This book is organized into three themes. The first theme, ‘Vernacular Alternatives to Trade Unions addresses’ how labour mobilization happened beyond the shop floor and the factory gate, in diverse spaces such as neighbourhoods and towns forging different solidarities and forms of collectives such as in a public sector industrial unit in Bombay, Sao Paulo in Brazil and in the case of migrant workers in post-socialist China, while pointing to novel practices of organizing as in the case of rice cultivation in Kuttanad region in Kerala or in the case of Julaha weavers in early twentieth century North India. The second theme, ‘State and Social Regulation in the Vernacular Mode’ takes up experiences of social regulation of work and resistance in illustrated through cases involving artisanal labour in Lucknow, the resistance of Parayar labour to colonial taxation policies in late eighteenth century Madras, manumission in Brazilian small slave holdings and the means of coming together of caste and labour in fixing sanitation as caste occupation in colonial Madras. The third theme, ‘Ideologies of Power and Resistance in the Vernacular Idiom,’ takes up issues such as caste and labour segmentation viewed through emerging notions of skill in late colonial India, characterizing the relationship between caste and labour in the official labour department in the crucial years of independence analysed through the views of Ambedkar and Jagjivan Ram, followed by an interesting analysis of how the Indian state perceived labour in a curiously social democratic manner.

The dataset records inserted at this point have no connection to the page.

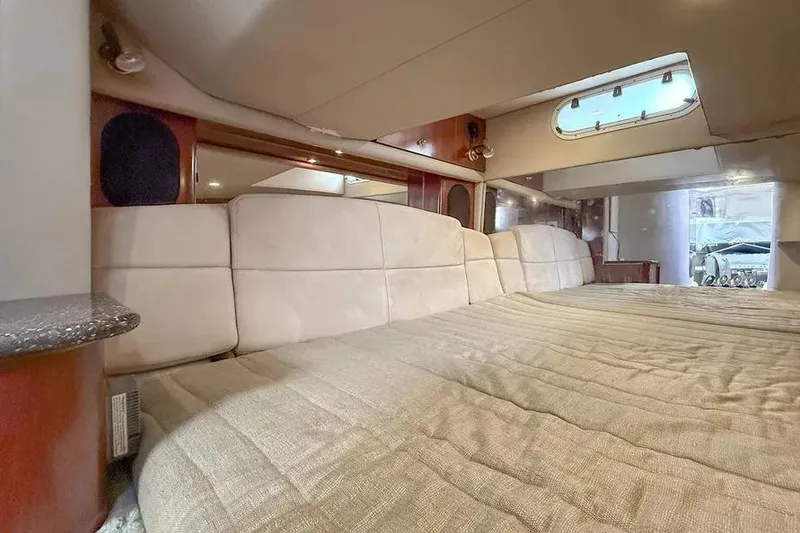 Slide: The Image of Interior cabin of 2004 Formula 400 Super Sport Crossover with plush bedding and porthole window. - 8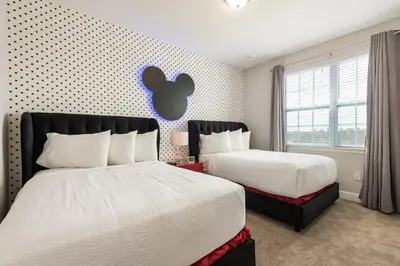 a bedroom with two beds and an apple sign on the wall at Gorgeous Home With Private Pool, Themed Rooms Near Disney With Waterpark & Resort Access At Encore Resort - 7687Ff in Kissimmee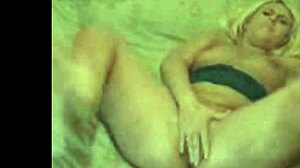 Blond milf fucks big black dildo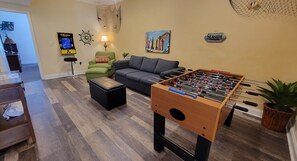 A living room with a foosball table, a green armchair, a sofa, a lamp, and a wall clock. - MBV 6Br/5Ba - 302B (Myrtle Beach)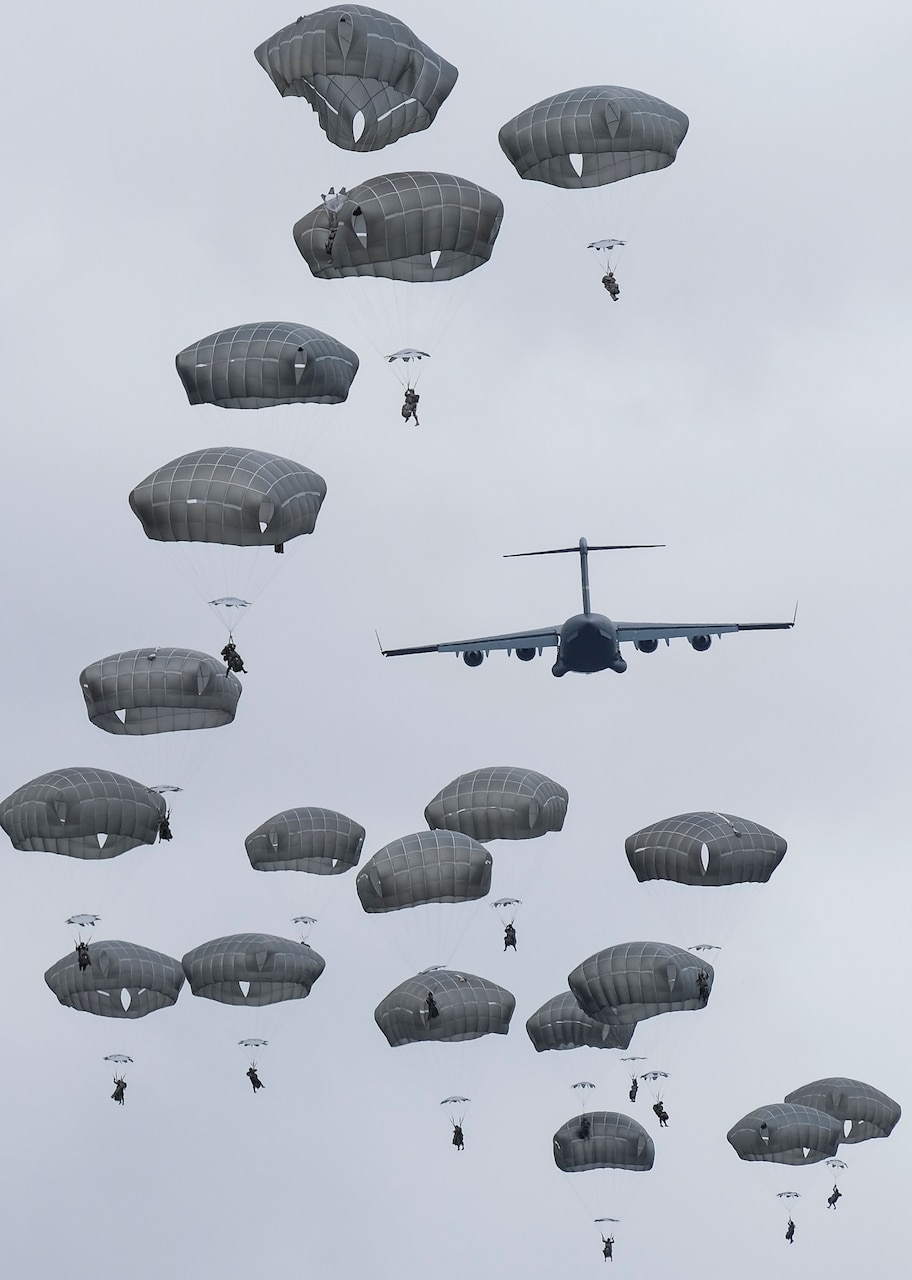 Paratroopers of 4th Infantry Brigade Combat Team (Airborne) 25th Infantry Division, Canadian Army, and U.S. Army Civil Affairs exit a C-17 Globemaster over Kapyong Dropzone in Shoalwater Bay, Queensland, Australia, July 13. The airborne operation was conducted as part of Exercise Talisman Sabre 2017, a massive, biennial exercise designed to exercise the partnership of joint forces throughout the Pacific region. (U.S. Army photo by Staff Sgt. Daniel Love)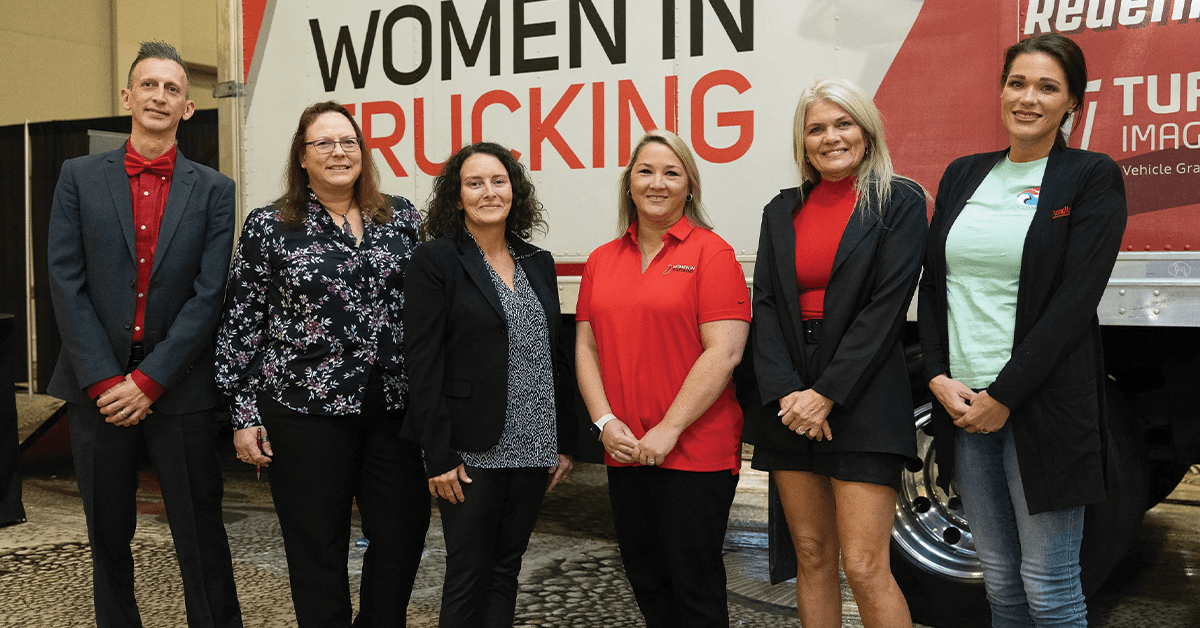 Volunteers at trucking industry event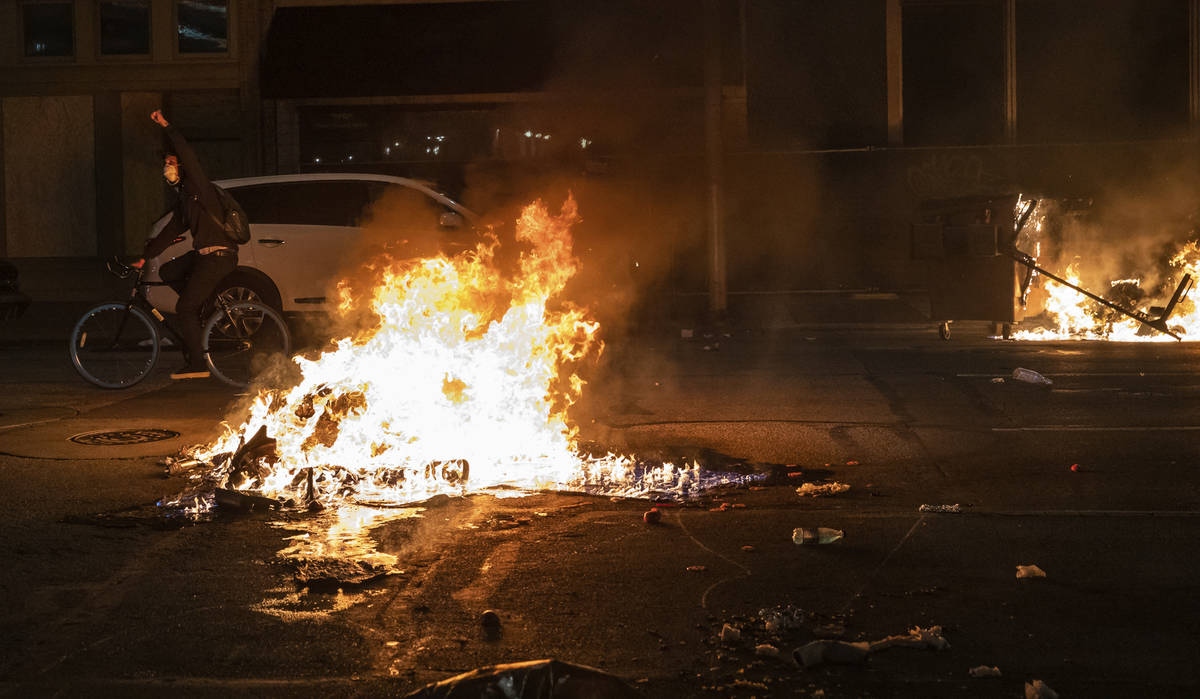 As night falls, protestors rally in downtown Indianapolis on Saturday, May 30, 2020. Protests w ...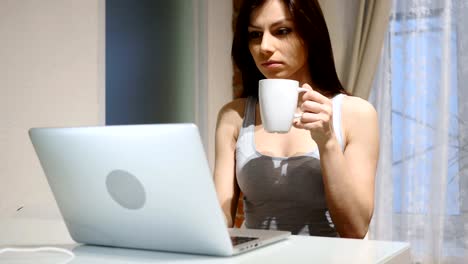 Portrait-of-Young-Woman-Drinking-Coffee-and-Working-on-Laptop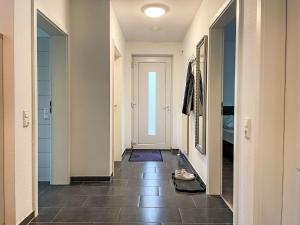 a hallway with a door and a tile floor at Apartment Müritz Ferienpark Röbel-32 by Interhome in Marienfelde +15 photos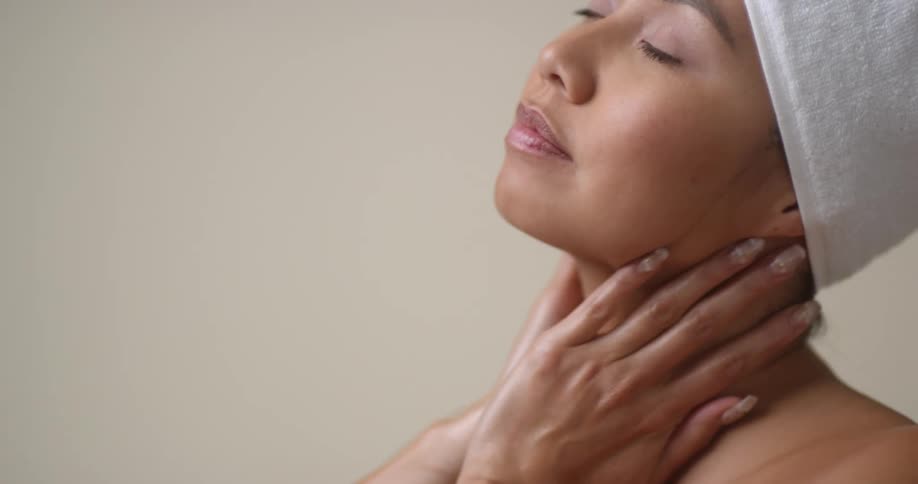 An Asian woman with a towel on her head gives a big yawn, smiles, stretches, and then rubs her hands down her neck and chest.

Every essay in each of these themes choose very interesting set of historical sources and reflect the growing interest and commitment to study labour history, across generations of scholars in India and from other parts of the world. Each article painstakingly strives to unpack the multiple experiences of labouring lives, with keen attention to the context, location, particular occupations and the labour process, and contingent technologies at the place of work. It documents the violent nature of exploitation pervading such experiences, be it the Kuttanad rice-growing area where ecological factors dictated the terms of labour engagement along with blatant forms of bondage; or the case of manual scavenging in colonial Madras when the economic concerns of a colonial Municipal administration and the deeply rooted caste Hindu interests could reconfigure scavenging as an occupation of particular castes which continues to haunt the workers till today; or the extreme misery of the artisans of Lucknow during times of famine, along with recon-figuring the character of their craft itself in tune to a different market which marked what were the initial concerns of technical education. The articles show how such histories of institutionalization made possible the perpetuation of caste hierarchies subjecting the labour market to internalize them, while modern ideas of merit and skill became tools to reformulate hierarchies that helped particular sections of the political class during the 1930s limiting their political imagination; and how credit liabilities became the condition to become a worker and as a means of further exploitation in the mines of Ghana. Each of these essays as the rest of the articles in this collection offer a rich insight into the past of workers and the possibilities that labour history offers to the organizer to learn as well as to rethink the ways of engaging with the contemporary challenges of the working class movement itself.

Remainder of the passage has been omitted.